Segundo o Nespro, também há o olhar para a exportação, com o atendimento às regras de mercado da China, que exige animais com menos de 36 meses. O país asiático é o maior importador de carne do mundo, sobretudo pelas suas limitações geográficas que impedem a produção própria.
Alinhamento ambiental
Debate no agronegócio do mundo todo, a questão ambiental também está relacionada à prática que prioriza a precocidade. A redução da idade de abate possibilita reduzir as emissões de metano, já que o animal fica menos tempo no campo. Além disso, o crescimento dos sistemas de integração lavoura-pecuária também age como fomentador das práticas sustentáveis no campo.
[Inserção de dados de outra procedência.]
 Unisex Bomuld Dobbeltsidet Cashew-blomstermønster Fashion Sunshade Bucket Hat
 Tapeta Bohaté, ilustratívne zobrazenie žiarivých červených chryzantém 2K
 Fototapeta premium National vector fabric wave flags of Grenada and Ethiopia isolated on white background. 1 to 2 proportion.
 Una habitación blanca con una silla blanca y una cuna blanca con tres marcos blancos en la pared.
Na visão do diretor do Nespro, apesar da relevância, a pauta ainda não é principal direcionadora dos abates precoces. Mas tem ganhado mais espaço.
Os especialistas citam estudos que comprovam que a pecuária no Rio Grande do Sul, por promover alimentação dos animais a pasto, mais captura do que emite gases de efeito estufa. É um grande diferencial produtivo e que deveria mais bem divulgado, defende o presidente do Sindicato da Indústria de Carnes e Derivados no RS (Sicadergs), Ladislau Böes. Não só pelo valor de produto que agrega, mas por mostrar que a pecuária gaúcha está mais alinhada às práticas sustentáveis que outros mercados:
— Há estudos que comprovam que no RS os animais mais capturam do que emitem gases. Temos vendido isso muito pouco para o mercado. Em outros Estados e centros produtores, essa dificuldade é muito maior porque é utilizado outro método de pecuária, com a criação de confinamento — comenta Böes.
Experiência de quem faz
Criador de gado há mais de 30 anos em Alegrete, região tradicional da produção de carne gaúcha, o pecuarista Flávio Alves viu a evolução da lida diante dos olhos. Na cabanha Santo Antão, onde mantém cerca de 400 cabeças de angus e brangus, o trabalho começou ainda “no modo tradicional”. Nos últimos anos, a estratégia tem sido cada vez mais aperfeiçoar os abates precoces.
Resultado de boa genética e manejo, entrega.
— Sou de uma época em que a gente vendia e abatia animais com três, quatro anos. Mas todos sentiram necessidade de dar velocidade maior a esse ciclo. Porque quanto mais tempo o animal fica na propriedade, mais custos ele vai dar ao criador. E temos como, dependendo do manejo que se utiliza, atingir o mesmo peso que o animal terá com 36 meses aos 24 meses. Com isso, reduzimos não só a idade do abate, mas também a idade de a fêmea entrar em reprodução — diz Alves.
O produtor diz que o trabalho das associações de raça é fundamental ao levar informação aos produtores. Mas que a inovação não deve ficar restrita a determinadas “grifes” raciais.
— Volto a dar o atestado de velhice da minha época (risos). Existe um trabalho muito bom sendo feito para que pessoas mais conservadoras venham a aderir às inovações. São pessoas que não fazem a velha conta do custo-benefício. Comecei no esquema antigo, mas sempre tive vontade de evoluir. E a gente vai evoluindo em termos de genética, de nutrição, de manejo. O resultado é o que está acontecendo agora: animais cada vez mais jovens, cada vez mais precoces. E é o que o mercado quer também — diz Alves.